Government Finally Stops Requiring Agencies To Report On Impacts Of Y2K


The government has finally stopped requiring federal agencies to produce reports on the effects of the year 2000 on computers Thursday, 17 years after the computer scare proved to be a non-issue.

That policy, along with 58 other redundant and unnecessary polices, is the target of Director of Management and Budget Mick Mulvaney’s 12-page memo about wasteful policies that should be ended.

“Everybody knows we do crap like this,” Mulvaney told reporters, the Washington Examiner reports. “We do a lousy job of clearing out our closets.”

The Office of Management and Budget required agencies to produce a number of reports leading up to and through the year 2000, when some predicted that computers used by corporate and government systems would crash and be unable to process information at midnight Jan. 1, 2000. Those seven policies stayed in effect until Thursday, though it’s unclear whether agencies continued to report on the issues.
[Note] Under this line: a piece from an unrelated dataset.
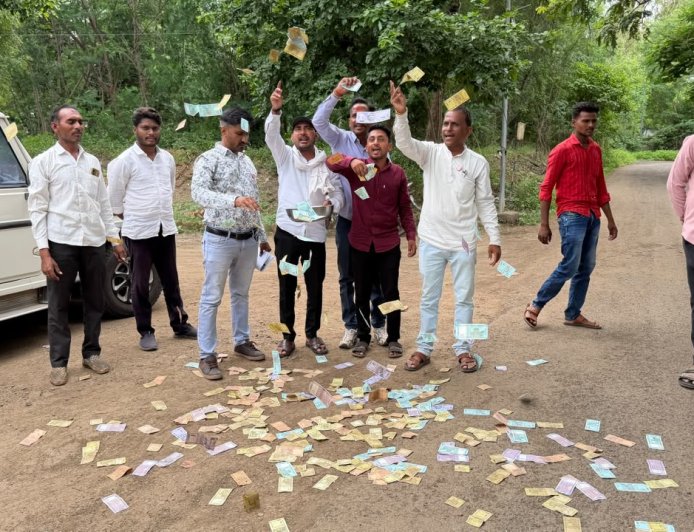 हिंगोलीत बोगस बियाणे आणि कीटकनाशकांविरोधात क्रांतिकारी शेतकरी संघटनेचे अनोखे आंदोलन; कृषी कार्यालयासमोर पैसे फेकून व्यक्त केला संताप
“It just clogs the operation of government,” Mulvaney said of the outdated reporting rules.

Other policies eliminated in the memo include reporting requirements that have been superseded by other OMB guidance, and many procurement policies that Mulvaney says were more focused “on rigid compliance with meeting a goal,” not incentivizing contractor performance.

Mulvaney also stopped requiring reports on the costs of British Petroleum’s 2010 Deepwater Horizon oil spill because one of the purposes of tracking the cost was for ongoing litigation. BP reached a settlement agreement regarding the litigation in 2016.

Mulvaney said that the list of eliminated, paused or modified policies should be an example for President Donald Trump’s “War on Waste,” and that the federal government could save as much as $140 billion over the next decade by ending redundant rules.